Jakarta –
Kommission zur Korruptionsbekämpfung hat die Vernehmung des Eigentümers von Maktour Travel, Fuad Hasan Masyhur (FHM), als Zeuge im Fall der Haddsch-Quotenkorruption 2023–2024 abgeschlossen. Nach seiner Befragung sagte Fuad, dass die Verteilung der Haddsch-Quoten Sache des Religionsministeriums (Kemenag) sei.
„All das (Quotenverteilung) liegt in der Verantwortung des Ministeriums für Religion (Kemenag). Wir wissen nichts anderes. Uns wurde gesagt, dass wir es ausfüllen sollen, wir haben es ausgefüllt“, sagte Fuad am Montag (26.01.2026) im KPK-Gebäude in Kuningan, Jakarta.
Fuad sagte, dass Gemeinden aus Maktour seit 2023 einen Rückgang um mehr als 50 Prozent erlebt hätten. Dies veranlasste seine Gruppe, die Gemeinde mit einer Furoda zu verlassen.
Scrollen Sie, um mit dem Inhalt fortzufahren
„Das könnte um mehr als 50 Prozent (reduziert) werden.
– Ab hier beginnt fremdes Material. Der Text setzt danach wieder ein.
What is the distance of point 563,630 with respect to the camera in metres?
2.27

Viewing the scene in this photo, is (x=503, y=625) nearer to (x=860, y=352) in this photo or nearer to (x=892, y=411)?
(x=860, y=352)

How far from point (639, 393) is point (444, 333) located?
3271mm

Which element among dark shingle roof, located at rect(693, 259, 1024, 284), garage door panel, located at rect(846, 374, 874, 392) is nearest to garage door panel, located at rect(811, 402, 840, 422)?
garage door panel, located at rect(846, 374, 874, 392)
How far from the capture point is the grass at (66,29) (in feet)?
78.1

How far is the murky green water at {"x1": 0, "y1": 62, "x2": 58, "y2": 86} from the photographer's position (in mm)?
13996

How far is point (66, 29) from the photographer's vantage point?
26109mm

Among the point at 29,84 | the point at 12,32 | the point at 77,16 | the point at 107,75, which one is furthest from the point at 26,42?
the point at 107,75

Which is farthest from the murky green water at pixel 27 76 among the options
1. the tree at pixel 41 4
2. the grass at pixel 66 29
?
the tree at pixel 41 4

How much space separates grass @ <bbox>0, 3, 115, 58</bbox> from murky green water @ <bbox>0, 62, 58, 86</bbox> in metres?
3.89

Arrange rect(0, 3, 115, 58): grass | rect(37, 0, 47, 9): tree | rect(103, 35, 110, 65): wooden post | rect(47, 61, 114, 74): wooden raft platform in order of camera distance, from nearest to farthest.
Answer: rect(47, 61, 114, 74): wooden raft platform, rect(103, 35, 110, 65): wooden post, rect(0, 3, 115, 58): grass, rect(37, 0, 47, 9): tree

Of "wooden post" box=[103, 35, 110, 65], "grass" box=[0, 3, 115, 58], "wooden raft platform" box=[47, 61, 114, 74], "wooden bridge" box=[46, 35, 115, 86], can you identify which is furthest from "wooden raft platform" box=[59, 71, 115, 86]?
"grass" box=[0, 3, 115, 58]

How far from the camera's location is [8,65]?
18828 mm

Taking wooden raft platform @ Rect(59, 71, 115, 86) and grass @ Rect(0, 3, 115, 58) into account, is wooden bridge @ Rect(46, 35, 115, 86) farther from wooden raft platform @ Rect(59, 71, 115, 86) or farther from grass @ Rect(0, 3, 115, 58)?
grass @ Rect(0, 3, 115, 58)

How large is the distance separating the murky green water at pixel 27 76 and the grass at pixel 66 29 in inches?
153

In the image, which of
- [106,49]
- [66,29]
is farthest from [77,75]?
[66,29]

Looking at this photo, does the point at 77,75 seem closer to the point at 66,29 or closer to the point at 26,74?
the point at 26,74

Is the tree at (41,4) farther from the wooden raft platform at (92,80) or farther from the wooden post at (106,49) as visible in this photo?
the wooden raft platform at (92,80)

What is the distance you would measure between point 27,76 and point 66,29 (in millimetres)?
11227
Während wir in den Vorjahren rund 600 schicken konnten, wurde unsere Quote bei einer Erhöhung sehr drastisch reduziert“, sagte er.
Fuda gab auch zu, dass er bezüglich der von seinem Reisebüro bereitgestellten Finanzierung für die Abreise der Hadsch-Pilger befragt wurde. Er sagte, dass an der heutigen Prüfung ein Team der Financial Audit Agency (BPK) beteiligt gewesen sei.
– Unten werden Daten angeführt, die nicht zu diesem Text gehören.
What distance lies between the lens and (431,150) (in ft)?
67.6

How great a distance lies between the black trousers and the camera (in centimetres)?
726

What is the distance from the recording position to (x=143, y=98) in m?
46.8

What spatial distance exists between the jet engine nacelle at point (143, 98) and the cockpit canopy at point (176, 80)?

„Bestätigt, wie man es sonst nennt, die gesamte Finanzierung, die wir ausgegeben haben. Denn natürlich sind die Kosten, die bei anderen Veranstaltern und bei uns anfallen, nicht vergleichbar. Es gibt also einen Unterschied“, sagte er.
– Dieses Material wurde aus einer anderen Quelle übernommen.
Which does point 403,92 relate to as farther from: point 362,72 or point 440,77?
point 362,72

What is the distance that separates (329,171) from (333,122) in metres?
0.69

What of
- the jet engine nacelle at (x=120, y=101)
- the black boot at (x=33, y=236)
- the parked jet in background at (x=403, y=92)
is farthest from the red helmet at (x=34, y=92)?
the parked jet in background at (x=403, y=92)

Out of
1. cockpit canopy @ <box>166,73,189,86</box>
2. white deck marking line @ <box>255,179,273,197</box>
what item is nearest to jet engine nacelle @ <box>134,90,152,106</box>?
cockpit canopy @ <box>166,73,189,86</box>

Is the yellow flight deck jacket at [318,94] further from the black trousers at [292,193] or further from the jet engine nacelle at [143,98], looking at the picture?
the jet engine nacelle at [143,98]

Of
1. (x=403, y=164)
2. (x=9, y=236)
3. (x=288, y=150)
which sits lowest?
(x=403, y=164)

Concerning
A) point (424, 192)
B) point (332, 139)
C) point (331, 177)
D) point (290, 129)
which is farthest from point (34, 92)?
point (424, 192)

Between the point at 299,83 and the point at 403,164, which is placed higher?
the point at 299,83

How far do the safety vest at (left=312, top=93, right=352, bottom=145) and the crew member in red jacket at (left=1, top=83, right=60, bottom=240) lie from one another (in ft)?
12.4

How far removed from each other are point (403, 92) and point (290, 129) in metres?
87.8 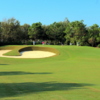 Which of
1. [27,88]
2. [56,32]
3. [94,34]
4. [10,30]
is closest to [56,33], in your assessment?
[56,32]

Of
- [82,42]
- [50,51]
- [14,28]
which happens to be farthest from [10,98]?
[14,28]

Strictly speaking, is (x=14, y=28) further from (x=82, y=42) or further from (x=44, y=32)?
(x=82, y=42)

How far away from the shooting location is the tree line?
58.7 m

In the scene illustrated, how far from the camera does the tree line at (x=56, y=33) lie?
58737mm

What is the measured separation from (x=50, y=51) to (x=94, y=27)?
31.1m

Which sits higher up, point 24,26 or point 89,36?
point 24,26

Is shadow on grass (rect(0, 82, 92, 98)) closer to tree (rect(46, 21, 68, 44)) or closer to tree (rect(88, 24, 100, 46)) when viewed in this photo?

Was Fall der Haddsch-Quotenkorruption Dies steht im Zusammenhang mit der Verteilung zusätzlicher 20.000 Gemeindemitglieder für die Hadsch-Quote 2024 oder als Yaqut Cholil Qoumas Religionsminister war. Durch die zusätzliche Quote soll die Warteschlange bzw. Wartezeit für reguläre indonesische Hadsch-Pilger verkürzt werden, die bis zu 20 Jahre oder sogar mehr betragen kann.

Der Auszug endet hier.